While flipping through Flickr, I came across this antique photo of what appears to be an interracial American couple. They seem to be well to do, judging by the smart cut of his suit, and her fashionably billowy sleeves. And she made sure to tell her ladies’ maid, or whoever assisted her, to do her best work on the hair. OK?
The question is: Are they a mixed couple, and is she Black? Certainly her facial features suggest a strong influence of a Black parent or two grandparents. And we know plenty of dark-skinned people with fine, even thin, facial features. The Flickr caption notes that the previous owner of the card described the woman as an “African American beauty,” but it is not clear how the photographer, F.B. Clench, described them. The curator didn’t think it was clear that she was Black, but no other suggestion was offered. Her hair looks silken, but beyond that I don’t see anything that puts her African descent into question.
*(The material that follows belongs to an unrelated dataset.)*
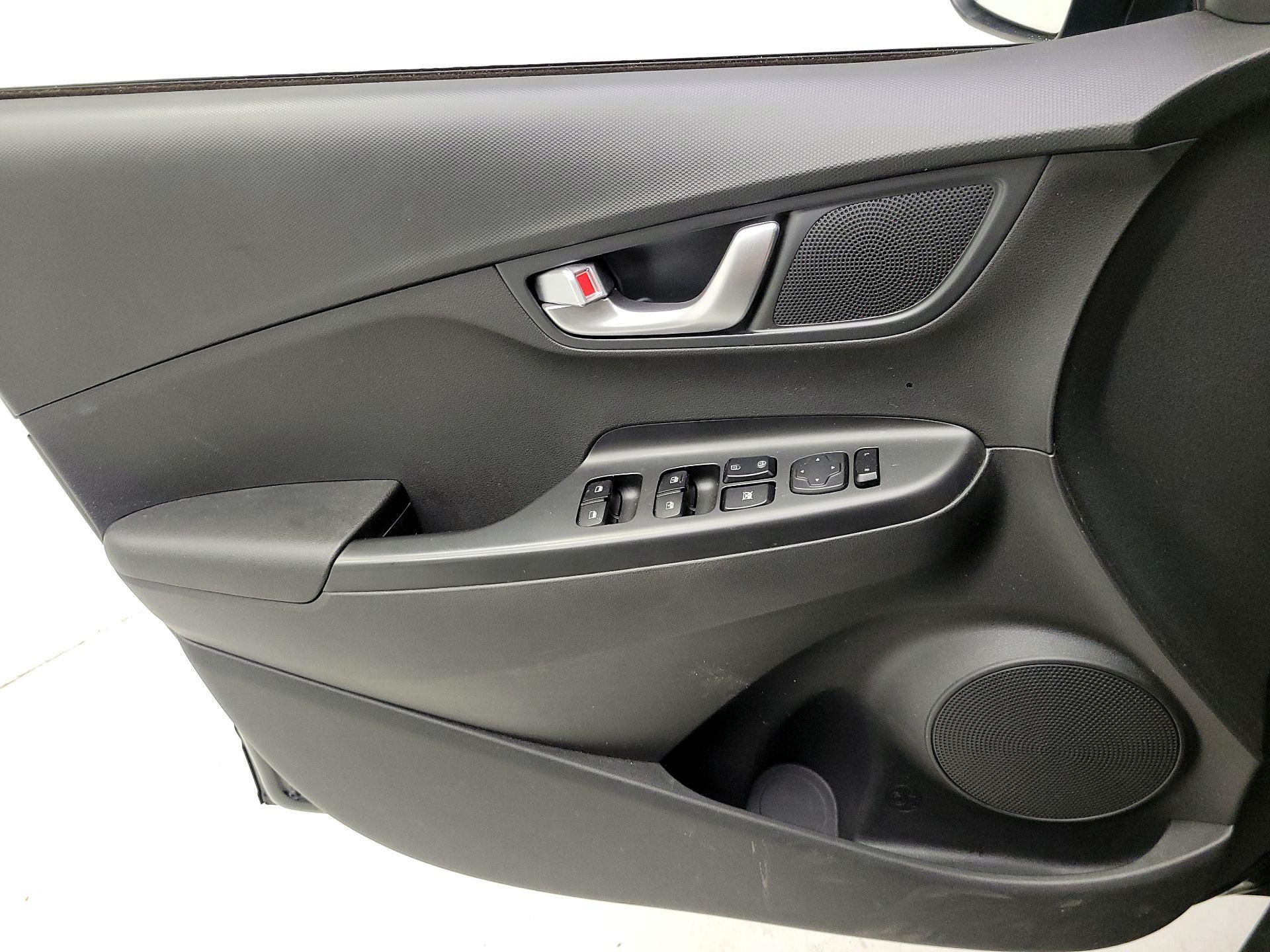 Thumbnail: 2022 Hyundai Kona - 12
Her eyes remind me of Ethiopian and Eritrean women I’ve met and regularly see around town or at church. Was she descended from Ethiopians? It is hard to say, since commerce and missionary relationships between the U.S. and what was called Abyssinia at the time was very light. Who knows if Abyssinians had established their networks here in the U.S. and intermarried by 1889 and 1898, when the photo was taken.
In any case, they look wonderful, and I took special note of their posture and smiles. They actually look relaxed, like they wanted to be there and get their money’s worth. They are leaning toward each other, touching, and they even seem aware of the camera, and what a remarkable occasion it was to have their portrait professionally done. Unlike a lot of the other facial expressions you find in Victorian-era photographs, middle-and high-class people frozen in hard-bitten stoicism, stiff and awkward, as if taking a picture was an alien experience and an imposition. I wouldn’t want to be remembered like that for all time. These fine folks are dressed to the nines and happy to be there! Thumbs up.